My mom was unexceptional, really. She didn’t have any theological training, she never attended a leadership conference. Not too many people knew her name. She never spoke to a stadium full of people, she never wrote a book, she never pastored a church.
And yet the ripples from her life continue to fan out in rings around the stillness that is now the center.
It’s against what we tend to believe, and yet it’s not that shocking in an upside-down Kingdom, is it? The little girl who grew up in a smoke-filled trailer becoming a mentor, a safe haven for the hearts of many. A kid who was a nobody growing into a woman who took up much more space in the room than her body did.
And how many of these unexceptional people have thrown us a lifeline? How many women in my life have been so ordinary that the light inside of them was like a sweet, secret treasure – morsels of grace to be shared simply and quietly? Sitting across from them with coffee or pancakes much later than I planned has proven to me to be more healing, more life-giving than people living on a larger scene.
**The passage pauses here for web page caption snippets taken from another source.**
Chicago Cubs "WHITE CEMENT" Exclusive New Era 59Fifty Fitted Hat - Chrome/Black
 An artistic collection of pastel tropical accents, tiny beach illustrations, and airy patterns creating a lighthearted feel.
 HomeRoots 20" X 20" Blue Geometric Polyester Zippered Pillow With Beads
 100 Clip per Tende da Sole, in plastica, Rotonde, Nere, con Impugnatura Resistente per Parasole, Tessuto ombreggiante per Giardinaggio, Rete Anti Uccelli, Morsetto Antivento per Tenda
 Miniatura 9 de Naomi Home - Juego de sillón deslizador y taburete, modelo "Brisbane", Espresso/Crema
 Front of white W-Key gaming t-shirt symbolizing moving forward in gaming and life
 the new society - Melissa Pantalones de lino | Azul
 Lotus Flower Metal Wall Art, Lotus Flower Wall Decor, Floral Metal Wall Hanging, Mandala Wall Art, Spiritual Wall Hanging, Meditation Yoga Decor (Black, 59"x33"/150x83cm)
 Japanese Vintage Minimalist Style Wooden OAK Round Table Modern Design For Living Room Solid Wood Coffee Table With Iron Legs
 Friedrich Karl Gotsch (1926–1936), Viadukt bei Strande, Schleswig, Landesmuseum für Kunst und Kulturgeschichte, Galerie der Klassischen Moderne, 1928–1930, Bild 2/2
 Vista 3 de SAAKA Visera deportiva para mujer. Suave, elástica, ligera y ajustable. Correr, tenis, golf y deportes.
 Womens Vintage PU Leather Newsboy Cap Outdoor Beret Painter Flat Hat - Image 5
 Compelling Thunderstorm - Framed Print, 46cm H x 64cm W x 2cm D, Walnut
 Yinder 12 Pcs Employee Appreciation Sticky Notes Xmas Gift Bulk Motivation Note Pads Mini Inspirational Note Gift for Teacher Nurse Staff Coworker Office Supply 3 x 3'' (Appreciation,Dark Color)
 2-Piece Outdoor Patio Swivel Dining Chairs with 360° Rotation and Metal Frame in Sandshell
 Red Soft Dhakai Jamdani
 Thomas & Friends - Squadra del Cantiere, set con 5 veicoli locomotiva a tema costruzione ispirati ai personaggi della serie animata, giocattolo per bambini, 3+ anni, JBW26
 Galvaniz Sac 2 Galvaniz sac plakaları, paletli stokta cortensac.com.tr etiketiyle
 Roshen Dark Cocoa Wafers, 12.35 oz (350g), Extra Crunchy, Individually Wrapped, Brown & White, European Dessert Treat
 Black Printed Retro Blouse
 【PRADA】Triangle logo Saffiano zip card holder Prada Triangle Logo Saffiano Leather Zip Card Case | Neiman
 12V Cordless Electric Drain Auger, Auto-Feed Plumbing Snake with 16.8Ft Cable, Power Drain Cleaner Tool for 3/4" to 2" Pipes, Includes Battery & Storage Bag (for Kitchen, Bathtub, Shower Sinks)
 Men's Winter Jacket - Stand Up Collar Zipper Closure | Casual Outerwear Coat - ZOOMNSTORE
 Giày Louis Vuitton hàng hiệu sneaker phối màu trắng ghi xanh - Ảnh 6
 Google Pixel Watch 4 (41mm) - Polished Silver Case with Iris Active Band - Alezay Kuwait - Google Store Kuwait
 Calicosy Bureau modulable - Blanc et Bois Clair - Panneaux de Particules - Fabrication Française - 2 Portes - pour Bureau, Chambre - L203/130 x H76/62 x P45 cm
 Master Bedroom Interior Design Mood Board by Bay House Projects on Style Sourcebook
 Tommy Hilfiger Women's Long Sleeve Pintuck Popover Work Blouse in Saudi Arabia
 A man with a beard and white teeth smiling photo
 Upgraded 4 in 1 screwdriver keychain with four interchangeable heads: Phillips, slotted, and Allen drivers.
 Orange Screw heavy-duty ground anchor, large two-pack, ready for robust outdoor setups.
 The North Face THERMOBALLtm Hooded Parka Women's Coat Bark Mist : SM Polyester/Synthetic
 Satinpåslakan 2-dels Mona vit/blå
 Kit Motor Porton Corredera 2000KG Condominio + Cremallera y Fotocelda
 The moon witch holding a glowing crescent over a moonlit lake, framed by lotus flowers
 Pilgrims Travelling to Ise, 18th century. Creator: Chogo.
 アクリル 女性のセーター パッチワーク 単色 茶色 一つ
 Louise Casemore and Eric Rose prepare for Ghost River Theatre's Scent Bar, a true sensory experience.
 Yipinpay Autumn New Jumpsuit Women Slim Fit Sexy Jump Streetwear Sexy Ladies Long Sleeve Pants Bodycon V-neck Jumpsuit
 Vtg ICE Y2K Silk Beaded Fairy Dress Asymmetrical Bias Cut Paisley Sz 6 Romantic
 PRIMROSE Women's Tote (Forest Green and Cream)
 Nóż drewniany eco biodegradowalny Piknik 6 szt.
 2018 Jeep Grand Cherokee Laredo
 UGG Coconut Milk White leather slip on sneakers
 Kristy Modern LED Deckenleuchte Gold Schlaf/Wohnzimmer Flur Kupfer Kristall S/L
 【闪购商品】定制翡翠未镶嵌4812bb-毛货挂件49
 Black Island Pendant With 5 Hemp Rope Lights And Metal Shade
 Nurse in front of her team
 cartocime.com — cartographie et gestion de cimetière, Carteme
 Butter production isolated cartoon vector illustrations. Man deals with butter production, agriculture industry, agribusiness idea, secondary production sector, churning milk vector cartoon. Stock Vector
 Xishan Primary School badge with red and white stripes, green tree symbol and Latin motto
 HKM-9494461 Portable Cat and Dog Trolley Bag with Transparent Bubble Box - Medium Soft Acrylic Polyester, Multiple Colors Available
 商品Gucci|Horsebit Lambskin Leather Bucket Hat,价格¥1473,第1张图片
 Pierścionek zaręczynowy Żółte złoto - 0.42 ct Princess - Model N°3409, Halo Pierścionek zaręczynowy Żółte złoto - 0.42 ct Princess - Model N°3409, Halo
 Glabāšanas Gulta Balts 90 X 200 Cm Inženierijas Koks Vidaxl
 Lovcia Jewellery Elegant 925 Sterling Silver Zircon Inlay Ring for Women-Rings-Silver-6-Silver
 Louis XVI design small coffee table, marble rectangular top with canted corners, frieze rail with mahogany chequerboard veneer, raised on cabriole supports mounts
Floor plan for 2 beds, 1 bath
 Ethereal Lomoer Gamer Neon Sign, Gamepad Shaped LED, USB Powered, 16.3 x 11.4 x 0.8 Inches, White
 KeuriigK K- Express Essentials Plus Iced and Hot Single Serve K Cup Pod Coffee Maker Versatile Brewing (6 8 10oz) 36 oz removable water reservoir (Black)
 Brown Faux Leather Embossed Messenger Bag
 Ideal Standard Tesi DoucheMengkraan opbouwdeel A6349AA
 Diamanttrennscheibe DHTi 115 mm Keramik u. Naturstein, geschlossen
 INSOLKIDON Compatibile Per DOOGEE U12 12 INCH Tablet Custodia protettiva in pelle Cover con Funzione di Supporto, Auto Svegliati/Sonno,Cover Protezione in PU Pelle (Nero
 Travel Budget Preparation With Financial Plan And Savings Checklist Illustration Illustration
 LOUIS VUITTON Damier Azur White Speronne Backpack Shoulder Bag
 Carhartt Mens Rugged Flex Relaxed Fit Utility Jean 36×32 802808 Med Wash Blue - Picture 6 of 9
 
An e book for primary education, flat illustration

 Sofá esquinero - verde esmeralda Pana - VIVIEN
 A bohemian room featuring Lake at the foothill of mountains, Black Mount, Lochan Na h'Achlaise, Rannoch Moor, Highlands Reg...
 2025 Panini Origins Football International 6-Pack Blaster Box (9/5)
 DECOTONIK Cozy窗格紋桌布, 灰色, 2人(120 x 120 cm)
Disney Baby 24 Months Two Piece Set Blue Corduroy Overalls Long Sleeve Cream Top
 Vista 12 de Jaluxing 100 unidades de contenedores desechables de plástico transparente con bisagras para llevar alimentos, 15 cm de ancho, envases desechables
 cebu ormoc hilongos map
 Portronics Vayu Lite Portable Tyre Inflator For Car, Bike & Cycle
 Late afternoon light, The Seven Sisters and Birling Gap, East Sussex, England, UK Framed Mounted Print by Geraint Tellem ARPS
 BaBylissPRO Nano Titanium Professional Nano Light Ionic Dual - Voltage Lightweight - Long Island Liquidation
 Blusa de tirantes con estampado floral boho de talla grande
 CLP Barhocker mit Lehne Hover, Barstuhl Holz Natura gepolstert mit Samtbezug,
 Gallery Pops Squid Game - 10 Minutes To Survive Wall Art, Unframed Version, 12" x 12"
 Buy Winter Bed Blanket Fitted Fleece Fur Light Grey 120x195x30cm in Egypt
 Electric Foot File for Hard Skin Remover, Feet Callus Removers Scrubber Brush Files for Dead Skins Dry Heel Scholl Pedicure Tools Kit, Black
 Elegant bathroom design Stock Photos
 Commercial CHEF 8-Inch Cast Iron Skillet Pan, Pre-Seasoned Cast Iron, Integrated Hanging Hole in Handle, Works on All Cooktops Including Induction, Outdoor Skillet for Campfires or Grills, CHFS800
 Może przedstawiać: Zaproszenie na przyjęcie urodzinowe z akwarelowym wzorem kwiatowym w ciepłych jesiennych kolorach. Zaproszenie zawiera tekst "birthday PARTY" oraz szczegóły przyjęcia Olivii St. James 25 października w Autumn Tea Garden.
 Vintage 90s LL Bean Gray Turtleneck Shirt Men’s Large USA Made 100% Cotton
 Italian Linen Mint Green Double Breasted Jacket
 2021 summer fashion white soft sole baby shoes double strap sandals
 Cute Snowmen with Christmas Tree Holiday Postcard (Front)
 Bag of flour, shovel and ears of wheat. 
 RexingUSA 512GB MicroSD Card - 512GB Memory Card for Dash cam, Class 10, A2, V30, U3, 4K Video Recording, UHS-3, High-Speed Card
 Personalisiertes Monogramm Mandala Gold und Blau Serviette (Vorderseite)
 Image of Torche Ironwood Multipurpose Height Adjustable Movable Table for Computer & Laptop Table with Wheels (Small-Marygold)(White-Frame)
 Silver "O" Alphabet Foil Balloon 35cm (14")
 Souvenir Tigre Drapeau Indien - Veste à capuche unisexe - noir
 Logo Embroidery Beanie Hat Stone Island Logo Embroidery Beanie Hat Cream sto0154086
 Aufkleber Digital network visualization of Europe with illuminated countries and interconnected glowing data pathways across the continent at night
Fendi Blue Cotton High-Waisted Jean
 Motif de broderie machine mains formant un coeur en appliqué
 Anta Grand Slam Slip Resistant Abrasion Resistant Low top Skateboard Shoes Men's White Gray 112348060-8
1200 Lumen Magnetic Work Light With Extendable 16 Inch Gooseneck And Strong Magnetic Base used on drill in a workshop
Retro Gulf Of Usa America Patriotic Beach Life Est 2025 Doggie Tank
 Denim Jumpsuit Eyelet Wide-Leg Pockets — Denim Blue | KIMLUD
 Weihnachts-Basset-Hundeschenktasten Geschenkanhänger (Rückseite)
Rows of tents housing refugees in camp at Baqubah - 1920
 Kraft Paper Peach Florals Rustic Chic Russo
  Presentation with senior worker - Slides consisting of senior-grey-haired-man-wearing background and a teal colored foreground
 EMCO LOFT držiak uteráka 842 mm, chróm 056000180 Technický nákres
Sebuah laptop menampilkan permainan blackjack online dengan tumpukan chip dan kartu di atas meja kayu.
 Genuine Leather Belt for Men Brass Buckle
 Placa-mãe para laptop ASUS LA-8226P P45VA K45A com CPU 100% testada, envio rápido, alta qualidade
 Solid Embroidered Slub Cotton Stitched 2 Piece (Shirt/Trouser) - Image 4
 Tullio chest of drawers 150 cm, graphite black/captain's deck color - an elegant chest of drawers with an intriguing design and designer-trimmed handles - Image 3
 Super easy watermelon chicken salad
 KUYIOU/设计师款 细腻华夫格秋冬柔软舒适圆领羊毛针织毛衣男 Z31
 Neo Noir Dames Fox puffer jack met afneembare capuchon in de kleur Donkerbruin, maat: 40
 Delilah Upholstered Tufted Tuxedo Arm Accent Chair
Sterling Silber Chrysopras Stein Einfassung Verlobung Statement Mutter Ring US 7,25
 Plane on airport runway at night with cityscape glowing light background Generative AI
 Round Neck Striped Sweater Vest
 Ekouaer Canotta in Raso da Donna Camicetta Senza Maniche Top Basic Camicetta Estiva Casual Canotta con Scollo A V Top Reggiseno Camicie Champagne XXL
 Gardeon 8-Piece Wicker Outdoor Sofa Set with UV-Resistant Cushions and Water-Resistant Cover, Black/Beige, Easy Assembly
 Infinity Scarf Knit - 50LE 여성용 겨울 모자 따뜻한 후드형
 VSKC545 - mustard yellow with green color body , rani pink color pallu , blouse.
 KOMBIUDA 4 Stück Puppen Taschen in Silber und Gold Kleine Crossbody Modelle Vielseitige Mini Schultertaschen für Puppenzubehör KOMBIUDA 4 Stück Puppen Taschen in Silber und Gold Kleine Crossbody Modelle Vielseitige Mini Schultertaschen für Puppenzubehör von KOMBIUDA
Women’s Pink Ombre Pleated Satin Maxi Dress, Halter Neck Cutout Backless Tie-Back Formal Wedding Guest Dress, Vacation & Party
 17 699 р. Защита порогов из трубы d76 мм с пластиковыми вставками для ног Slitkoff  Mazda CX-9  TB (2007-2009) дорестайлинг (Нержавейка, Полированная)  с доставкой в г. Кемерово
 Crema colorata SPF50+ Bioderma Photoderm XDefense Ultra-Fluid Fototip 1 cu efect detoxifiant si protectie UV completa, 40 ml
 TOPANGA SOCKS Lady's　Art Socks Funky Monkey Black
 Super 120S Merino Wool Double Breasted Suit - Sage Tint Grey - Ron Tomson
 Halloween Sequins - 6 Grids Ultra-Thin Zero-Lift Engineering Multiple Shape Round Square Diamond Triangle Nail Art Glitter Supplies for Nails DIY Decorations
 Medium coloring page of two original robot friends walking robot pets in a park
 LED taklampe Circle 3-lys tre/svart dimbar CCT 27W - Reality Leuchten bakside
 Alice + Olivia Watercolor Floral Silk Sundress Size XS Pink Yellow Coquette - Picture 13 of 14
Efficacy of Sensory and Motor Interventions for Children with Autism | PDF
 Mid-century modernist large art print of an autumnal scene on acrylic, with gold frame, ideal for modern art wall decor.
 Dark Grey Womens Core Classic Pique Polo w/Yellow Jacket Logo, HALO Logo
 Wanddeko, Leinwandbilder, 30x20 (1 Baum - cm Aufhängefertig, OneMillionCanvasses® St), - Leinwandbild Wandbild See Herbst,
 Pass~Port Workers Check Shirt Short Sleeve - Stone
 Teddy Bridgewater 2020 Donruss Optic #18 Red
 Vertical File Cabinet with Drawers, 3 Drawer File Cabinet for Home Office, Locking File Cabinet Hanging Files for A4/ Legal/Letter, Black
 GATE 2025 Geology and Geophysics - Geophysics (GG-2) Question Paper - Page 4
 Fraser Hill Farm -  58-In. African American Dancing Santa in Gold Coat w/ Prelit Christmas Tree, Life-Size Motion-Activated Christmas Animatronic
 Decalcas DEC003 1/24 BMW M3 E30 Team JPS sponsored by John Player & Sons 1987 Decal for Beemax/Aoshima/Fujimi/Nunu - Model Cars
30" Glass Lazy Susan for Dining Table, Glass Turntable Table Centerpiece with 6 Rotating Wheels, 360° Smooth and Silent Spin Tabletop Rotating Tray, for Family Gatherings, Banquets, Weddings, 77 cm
The women in my life who have most shaped me have been these ‘fat little preachers’ wives’ – women who were big enough to hold wisdom and faith about our Father in their hearts, yet present enough to spend their time on me. Women with no pretenses about their importance – who loved me like Jesus would if He were in the room. Women who sought the heart of the Father so well that it seamlessly overflowed in the way they shared their lives with me.
Oh that I might aspire to such heights – to be unexceptional in this way. Oh that I would have enough space in my heart to welcome the lost, the broken, and the too-put-together as well. That I would have the wisdom to spend my time with people who need Jesus rather than the people I want to notice me. That the ripples from my one small life would extend beyond myself long after the center goes still.